Traditionally, he says, at puberty the genders’ journeys begin to differ – in fact, they go in opposite directions.
Young men begin to learn their power – they begin the “journey of ascent.” For the next decade or two their bodies will teach them they are strong and vigorous and with this power, they can dominate or protect. They can rule. They can produce. In a conflict, they can win. Later, as their physical strength and virility fades, men begin the “journey of descent,” which can lead to humility and wisdom, but will not automatically lead there.
Young women, however, begin to learn something different from their bodies at puberty – they begin to learn that their bodies at least in some ways are for the service of others. They begin, at puberty, their “journey of descent.” Traditionally, in young adulthood, women married and began to give birth and care for children. In those situations, women naturally learned to delay gratification of their own desires, to submit their strength to the needs of others, etc. For them, the “journey of ascent” begins later in life when the children are raised! Women and men often cross paths at this time of life, when women can begin to pursue more of their own interests and use their strength outside of strictly the needs of their families.
These paradigms are of course shifting in our current setting, but there is something to be learned in observing these patterns. Father Rohr points out that in most cultures (but not ours), young men at puberty were taken by the men of their culture into some kind of challenge, which was meant to demonstrate that their strength and virility was not just meant for themselves, but for the good of the community.
I was thinking about all this in relation to the story of Brock Turner, the “Stanford rape case,” and the social outrage over his lenient sentence.
I understand his (and his father’s) bewilderment over everyone else’s insistence that Brock is a rapist who deserves more jail time, when to them it seems like he’s a good kid who made a mistake. Of course I don’t know them, but I’ve known people who they remind me of – privileged, powerful, with all the schooling and coaching and experiences that a well-rounded 1%-er will need to dominate society.
He was only doing what he’d been brought up to do, only doing what everyone else does. The problem, it may be, was that he never had that experience of learning that his strength, virility, power, prestige and privilege were not just for himself.

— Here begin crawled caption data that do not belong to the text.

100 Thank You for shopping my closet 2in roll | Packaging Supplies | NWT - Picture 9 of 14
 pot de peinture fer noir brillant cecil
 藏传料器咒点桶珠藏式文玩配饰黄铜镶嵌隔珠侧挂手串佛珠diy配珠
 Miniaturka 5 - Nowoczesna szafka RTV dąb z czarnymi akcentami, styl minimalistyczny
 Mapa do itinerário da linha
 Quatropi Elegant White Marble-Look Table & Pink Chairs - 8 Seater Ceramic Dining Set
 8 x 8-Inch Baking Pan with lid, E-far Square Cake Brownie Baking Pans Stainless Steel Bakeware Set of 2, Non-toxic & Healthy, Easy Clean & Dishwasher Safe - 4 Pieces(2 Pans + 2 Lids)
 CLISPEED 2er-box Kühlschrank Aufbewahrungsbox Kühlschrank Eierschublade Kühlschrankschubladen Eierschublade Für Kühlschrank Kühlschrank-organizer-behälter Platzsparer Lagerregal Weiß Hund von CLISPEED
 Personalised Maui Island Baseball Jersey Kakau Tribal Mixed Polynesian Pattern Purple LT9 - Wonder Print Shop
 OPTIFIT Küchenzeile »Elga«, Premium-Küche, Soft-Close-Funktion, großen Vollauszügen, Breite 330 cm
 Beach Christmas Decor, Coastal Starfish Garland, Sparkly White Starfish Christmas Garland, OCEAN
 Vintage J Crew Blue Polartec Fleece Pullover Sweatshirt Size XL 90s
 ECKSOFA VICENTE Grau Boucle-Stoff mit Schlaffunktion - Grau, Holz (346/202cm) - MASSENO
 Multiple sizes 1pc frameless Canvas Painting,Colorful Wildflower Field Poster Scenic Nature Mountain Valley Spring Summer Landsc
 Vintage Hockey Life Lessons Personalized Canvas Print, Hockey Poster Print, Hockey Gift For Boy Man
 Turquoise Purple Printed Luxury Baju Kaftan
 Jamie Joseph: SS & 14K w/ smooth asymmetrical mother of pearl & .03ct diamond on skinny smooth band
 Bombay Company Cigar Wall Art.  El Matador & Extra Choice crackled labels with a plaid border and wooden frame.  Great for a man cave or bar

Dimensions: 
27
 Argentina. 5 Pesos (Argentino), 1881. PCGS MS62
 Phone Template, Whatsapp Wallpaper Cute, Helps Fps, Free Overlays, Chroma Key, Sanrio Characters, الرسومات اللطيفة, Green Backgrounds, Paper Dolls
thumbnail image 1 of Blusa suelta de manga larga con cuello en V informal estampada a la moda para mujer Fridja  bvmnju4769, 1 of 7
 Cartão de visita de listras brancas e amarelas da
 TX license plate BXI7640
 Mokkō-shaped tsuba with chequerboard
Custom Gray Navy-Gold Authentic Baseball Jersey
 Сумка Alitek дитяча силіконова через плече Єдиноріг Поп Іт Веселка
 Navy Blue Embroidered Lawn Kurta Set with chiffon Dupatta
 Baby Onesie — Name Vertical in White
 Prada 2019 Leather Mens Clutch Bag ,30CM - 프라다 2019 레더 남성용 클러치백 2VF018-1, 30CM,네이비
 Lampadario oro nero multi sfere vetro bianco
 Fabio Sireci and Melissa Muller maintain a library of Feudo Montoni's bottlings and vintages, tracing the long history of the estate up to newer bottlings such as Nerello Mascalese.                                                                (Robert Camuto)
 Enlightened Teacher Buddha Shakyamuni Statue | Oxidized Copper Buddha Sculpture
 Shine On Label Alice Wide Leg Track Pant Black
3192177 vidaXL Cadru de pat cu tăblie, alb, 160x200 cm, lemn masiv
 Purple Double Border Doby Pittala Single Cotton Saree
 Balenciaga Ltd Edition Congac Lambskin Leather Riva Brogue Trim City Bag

He never learned the elements of the journey of descent…only ascent. And so people have been pointing out that he thought everything he wanted…even a woman…was his to take, and the idea that someone like him might be called to account for it is…confounding. After all, he didn’t really rape her. He knows where the boundaries are – the boundaries that suit him. But he doesn’t know that the way he sees the world is not acceptable.
I hear a lot about more “complementarian” forms of Christian doctrine and how they set people and churches up for this same kind of thing. These are the folks who infer from the few things said about gender in the Bible that God says all men rule over all women, that all men are given the task of protecting and guiding all women, and all women were made to serve men.
To them, this kind of thing can be avoided when women stay home, marry young and are protected by their fathers and then their husbands. And that certainly is one way to solve the rape problem…unless the men involved, with their worldviews so skewed about their place in the world, instead learn that they are dominant, powerful, privileged, and can take what they want from women. Then, even marriage won’t save that woman.
Instead, I see Jesus, who looks at men and women far differently than any of these paradigms have taught us to see each other. To him, each were individuals. Each needed a “journey of descent” into humility before God. Each needed to see with God’s eyes that we are both wonderful and a mess, made in the image of God and yet torn up and driven by fear and desire and sin.
Each needs to trust Jesus for forgiveness and real power…and then a much better “journey of ascent” begins, one hand-in-hand with the living Christ who never used his power for himself at the expense of others, who never took what he wanted but gave what others needed…who never would have seen an unconscious woman as an opportunity for sex. Neither does he think just women are here to learn humility and service!
As a culture we need to stop asking kids who’ve been taught to sharpen their individual strengths all their lives for their own benefit to suddenly understand others with an empathy they never learned. As a culture, it sounds to me like we need to teach young men and women that their power and strength and intelligence and even their virility are not toys for themselves but tools for not just them but their village. They will not always be strong. Everyone is going to need some help. And we are responsible for more than just ourselves.
That’s not the only answer to the Brock Turner sentencing outrage – no, not at all. We need to ask ourselves why we put young people of color away for many times more of sentence, for much less of a crime. Much has been uncovered in this situation.
But I’m reminded that rape has been and is still often used as a tool subjugation and cruelty over whole populations. Dominance is an ugly desire, unless it is tempered with love and empathy and responsibility. If we’re not teaching that to our kids, we are growing up monsters without knowing it.